◆ Listed entries ◆
────────────────────

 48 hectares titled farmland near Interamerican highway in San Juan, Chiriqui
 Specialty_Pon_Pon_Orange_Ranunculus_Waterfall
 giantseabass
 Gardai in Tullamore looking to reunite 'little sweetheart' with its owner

────────────────────

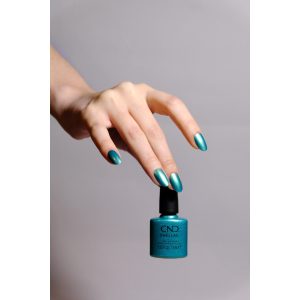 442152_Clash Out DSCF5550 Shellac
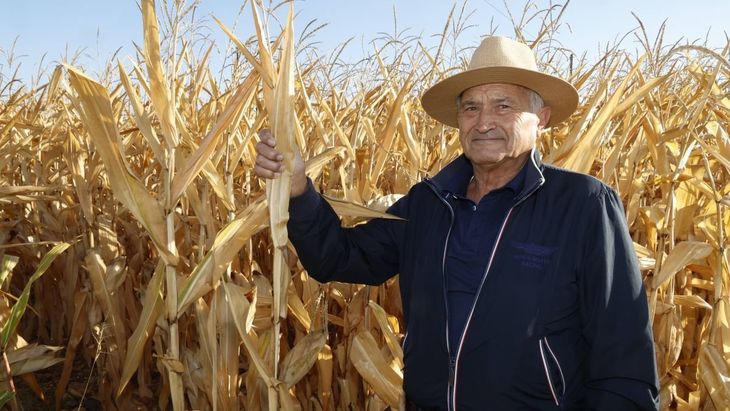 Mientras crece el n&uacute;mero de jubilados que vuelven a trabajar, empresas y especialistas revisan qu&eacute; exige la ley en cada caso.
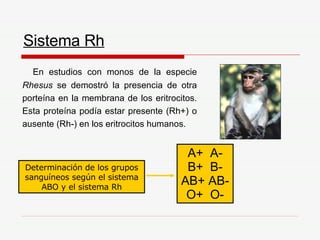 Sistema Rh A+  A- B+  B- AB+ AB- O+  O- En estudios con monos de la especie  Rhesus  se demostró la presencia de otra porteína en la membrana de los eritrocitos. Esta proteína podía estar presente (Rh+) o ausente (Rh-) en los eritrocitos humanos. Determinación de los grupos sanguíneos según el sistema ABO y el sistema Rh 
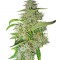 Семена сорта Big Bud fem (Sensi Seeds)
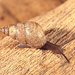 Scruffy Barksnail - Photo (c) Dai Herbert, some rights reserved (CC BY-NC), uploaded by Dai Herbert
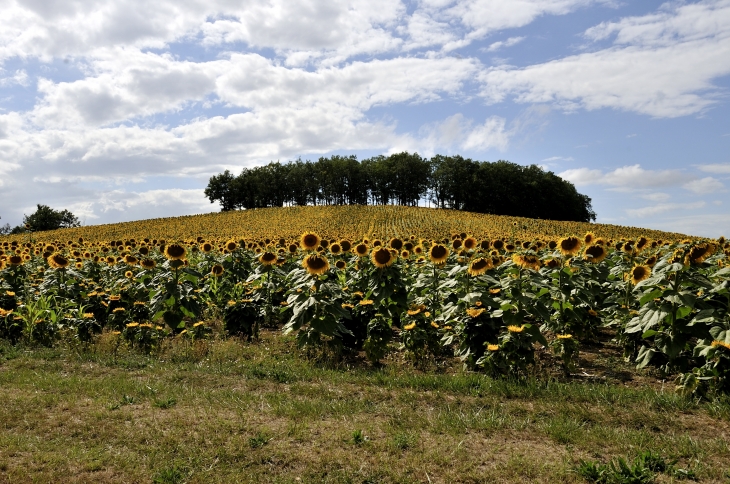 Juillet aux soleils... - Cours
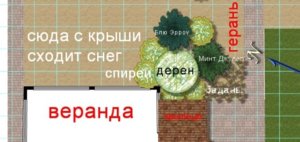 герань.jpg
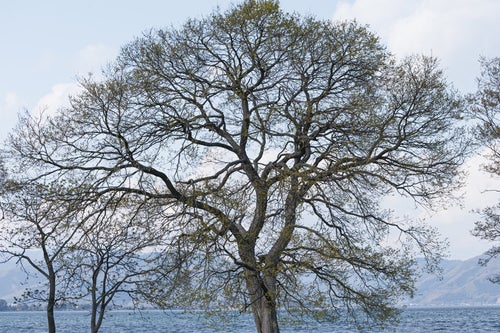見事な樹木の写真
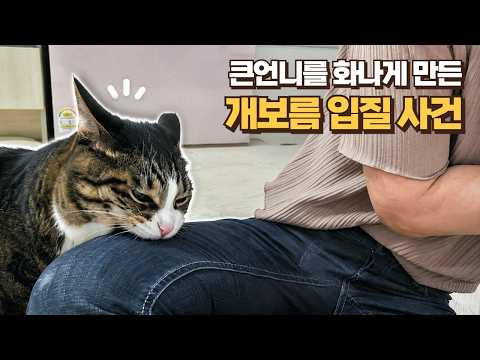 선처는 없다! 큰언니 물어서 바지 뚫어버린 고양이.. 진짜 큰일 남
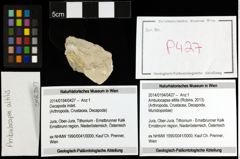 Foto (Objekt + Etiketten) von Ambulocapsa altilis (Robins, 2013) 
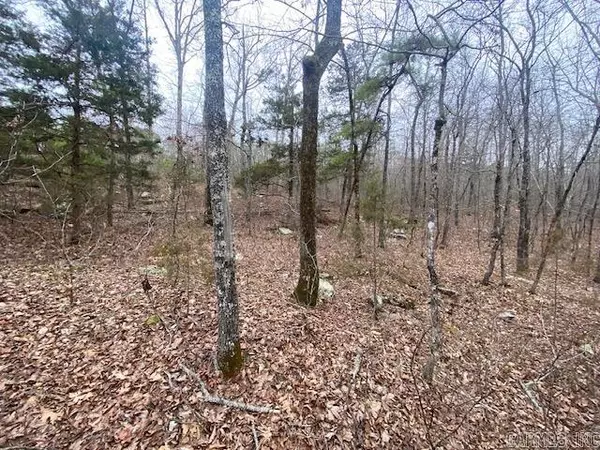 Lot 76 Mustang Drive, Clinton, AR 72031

────────────────────

◆ Assignment ◆
Retype only this portion of the data above: the line containing "48 hectares titled", the line containing "Gardai in Tullamore", and all lines between them, exactly.

◆ Solved exercise ◆
 48 hectares titled farmland near Interamerican highway in San Juan, Chiriqui
 Specialty_Pon_Pon_Orange_Ranunculus_Waterfall
 giantseabass
 Gardai in Tullamore looking to reunite 'little sweetheart' with its owner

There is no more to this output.